■ **Dataset entries**
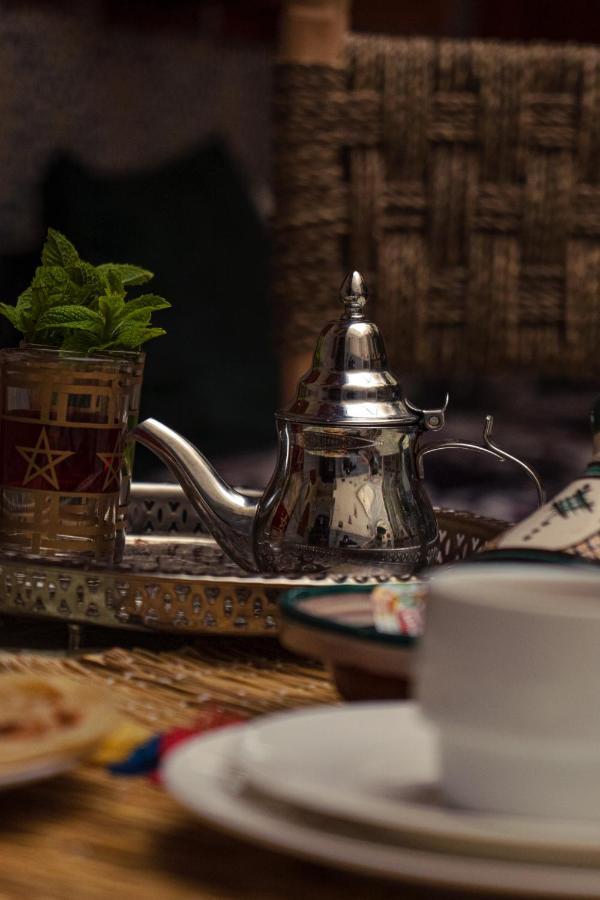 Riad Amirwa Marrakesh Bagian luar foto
* * *
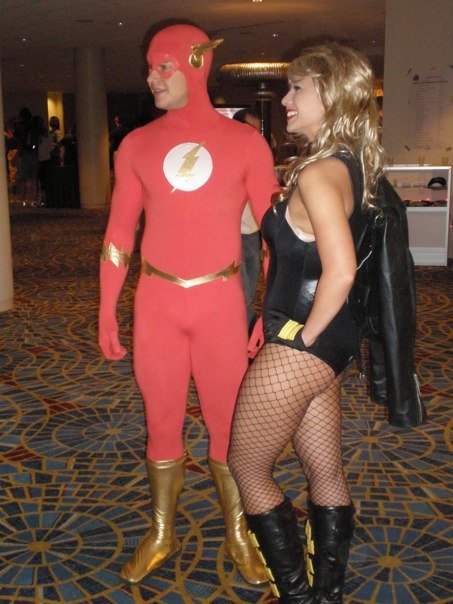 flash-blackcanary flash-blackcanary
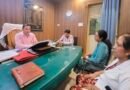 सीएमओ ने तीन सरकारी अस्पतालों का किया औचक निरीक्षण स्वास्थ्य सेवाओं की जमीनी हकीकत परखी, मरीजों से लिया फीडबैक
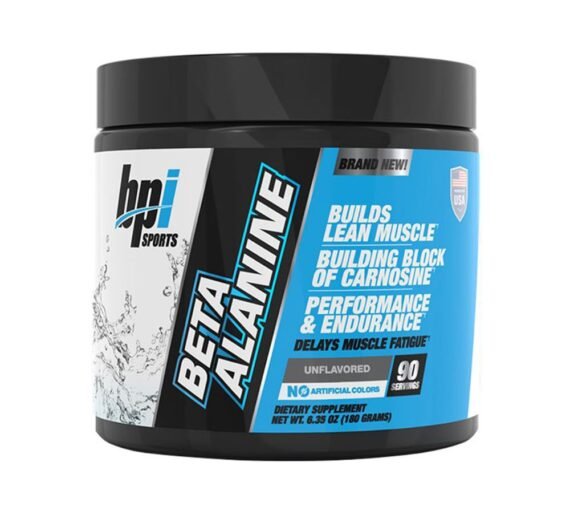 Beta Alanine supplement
--
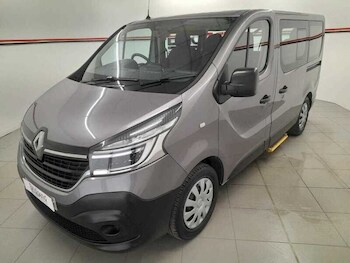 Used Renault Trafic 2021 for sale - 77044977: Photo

■ **What is expected**
Copy only what lies between the line with "flash-blackcanary flash-blackcanary" and the line with "Beta Alanine supplement", those two lines included, exactly as given above; pictures stay out.

■ **Answer**
 flash-blackcanary flash-blackcanary
 सीएमओ ने तीन सरकारी अस्पतालों का किया औचक निरीक्षण स्वास्थ्य सेवाओं की जमीनी हकीकत परखी, मरीजों से लिया फीडबैक
 Beta Alanine supplement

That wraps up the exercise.